Description
Introduction & Inspiration
Coleslaw is a staple side dish, especially during the warmer months. It’s cool, refreshing, and pairs perfectly with grilled meats, sandwiches, and all sorts of summer fare
Ingredients
- 4 cups coleslaw mix (or shredded cabbage and carrots)
- ½ cup dill pickles, finely chopped
- ¼ cup fresh dill, chopped (or 1 tsp dried dill)
- ¼ cup red onion, finely chopped
Dressing:
- ½ cup mayonnaise (or Greek yogurt for a lighter version)
- 3 tablespoons pickle juice (from your favorite dill pickles)
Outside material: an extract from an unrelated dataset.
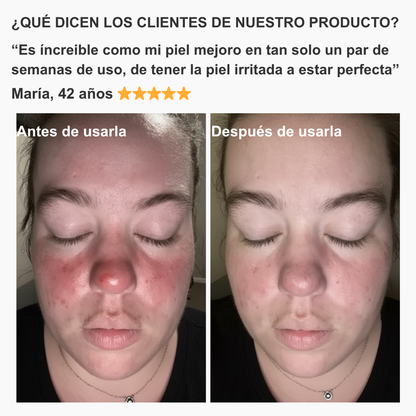 Elimina el cloro y mejora tu piel con nuestro Cabezal de Ducha Filtrante con Efecto Spa y Alta Presión
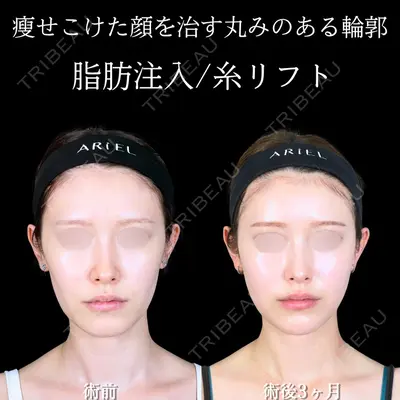 アリエル美容クリニック 大宮院 鈴木　桂介医師の症例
- 1 tablespoon Dijon mustard
- ½ teaspoon garlic powder
- ½ teaspoon onion powder
- ½ teaspoon black pepper
- ½ teaspoon salt (adjust to taste)
Instructions
Let’s get to the fun part – making the coleslaw! I’ll guide you through each step, making it super simple.
Step 1: Make the Dressing. In a small bowl, whisk together the mayonnaise (or Greek yogurt), pickle juice, Dijon mustard, garlic powder, onion powder, black pepper, and salt until smooth and well combined.
Step 2: Prepare the Coleslaw. In a large bowl, combine the coleslaw mix (or shredded cabbage and carrots), finely chopped dill pickles, chopped fresh dill (or dried dill), and finely chopped red onion.
Step 3: Combine Dressing and Coleslaw. Pour the dressing over the coleslaw mixture.
Step 4: Toss to Coat. Toss everything together gently but thoroughly, ensuring that the coleslaw is evenly coated with the dressing.
Step 5: Chill and Serve. Cover the bowl and refrigerate the coleslaw for at least 30 minutes before serving. This allows the flavors to meld and the coleslaw to chill.
Step 6: Enjoy! Serve the Dill Pickle Coleslaw alongside your favorite barbecue dishes, burgers, sandwiches, or as a refreshing side dish on its own.